BeautifulSoup Selectors: A Practical Deep Dive

May 27, 2025 · 1 min read

Most BeautifulSoup scrapers use maybe 20% of what .select() supports. Here are the selectors that actually come up.

# Attribute that starts with, ends with, contains
soup.select('a[href^="/product/"]')
soup.select('img[src$=".jpg"]')
soup.select('div[class*="price"]')

# Nth-child and nth-of-type
soup.select('table tr:nth-of-type(n+2)')   # skip header row

# Negation
soup.select('li:not(.sold-out)')

# Direct child vs. descendant
soup.select('article > p')    # direct children only
soup.select('article p')      # any descendant

The one I reach for most: [class*="..."] matching.
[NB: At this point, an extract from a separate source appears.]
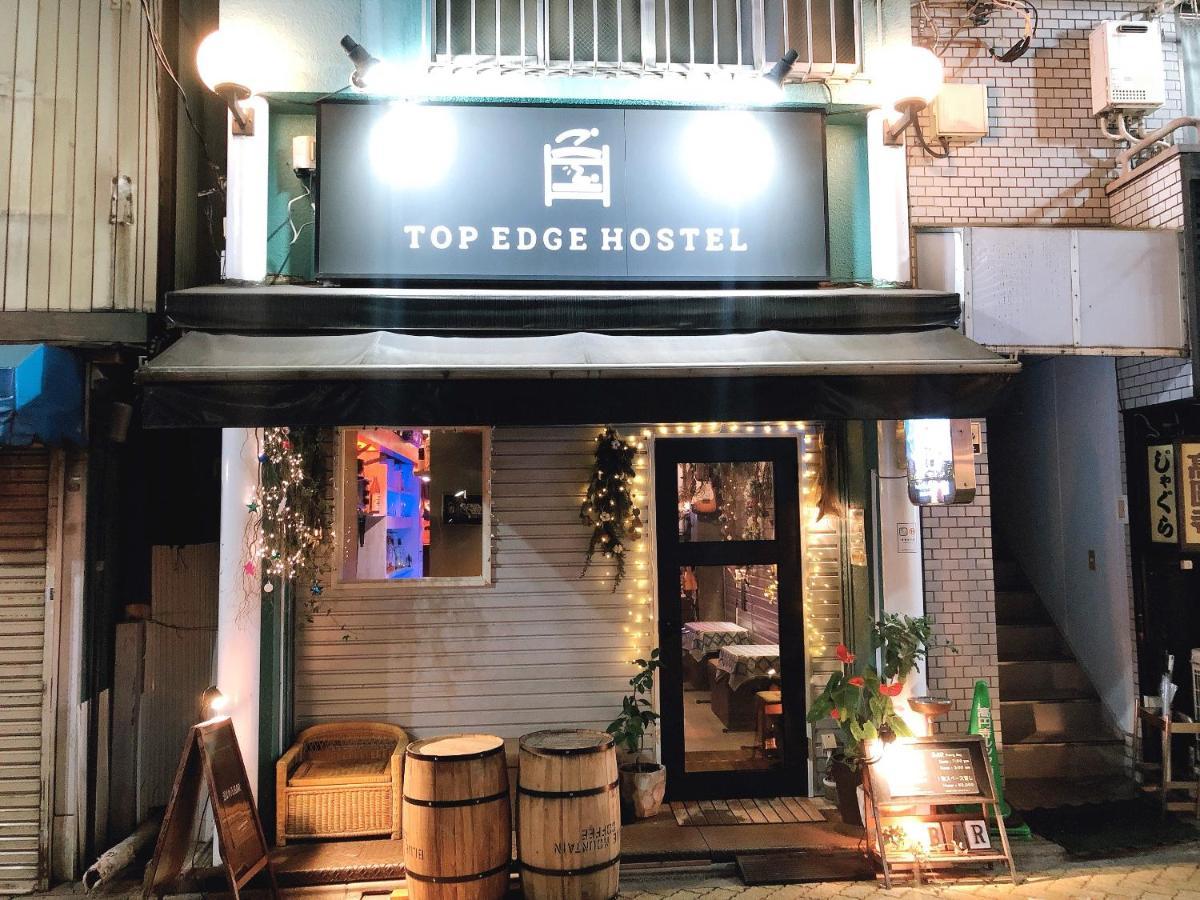 Top Edge Hostel Koenji Tokyo Dış mekan fotoğraf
Sites frequently hash class names for production builds ( price_x7fK), and substring matching survives those rebuilds where exact match doesn’t.
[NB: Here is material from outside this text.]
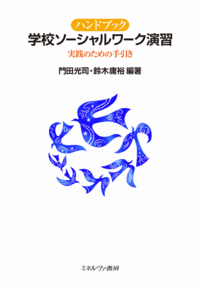 ハンドブック 学校ソーシャルワーク演習 - ミネルヴァ書房 ―人文・法経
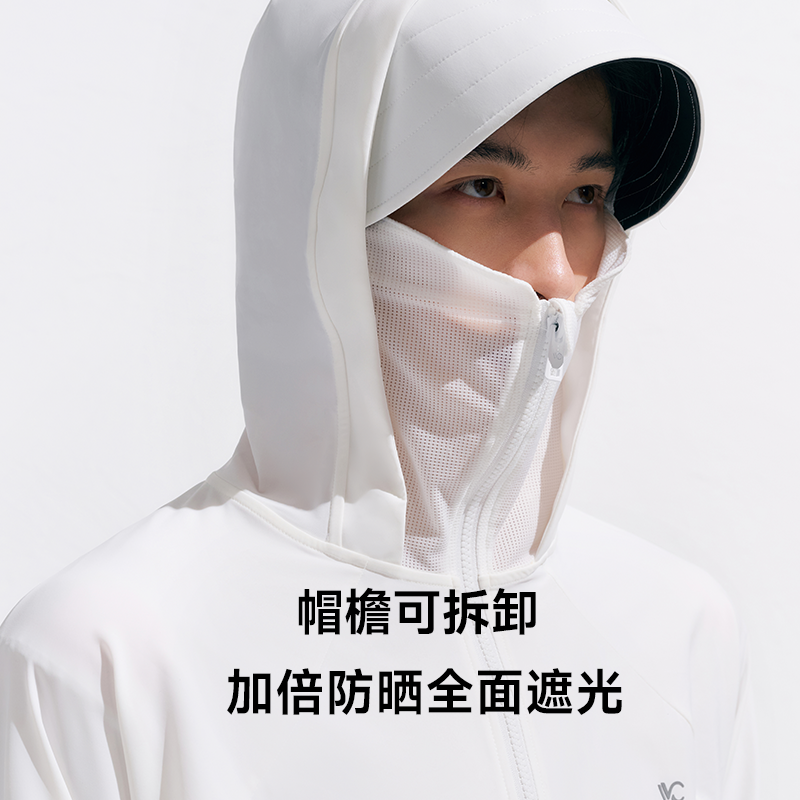 VVC防晒衣男款2025春夏新款原纱凉感户外防晒服轻薄透气宽松外套,淘宝优惠券,粉丝福利购,淘宝优惠卷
What BeautifulSoup’s select() doesn’t support: :has(), :contains() (BS had its own, non-standard version — don’t rely on it). If you need those, use lxml.html with XPath, or prefilter with select and then iterate with a plain Python condition:

labels = [el for el in soup.select('label') if 'Price' in el.get_text()]

That combination — CSS for structure, Python for text predicates — handles nearly every real page.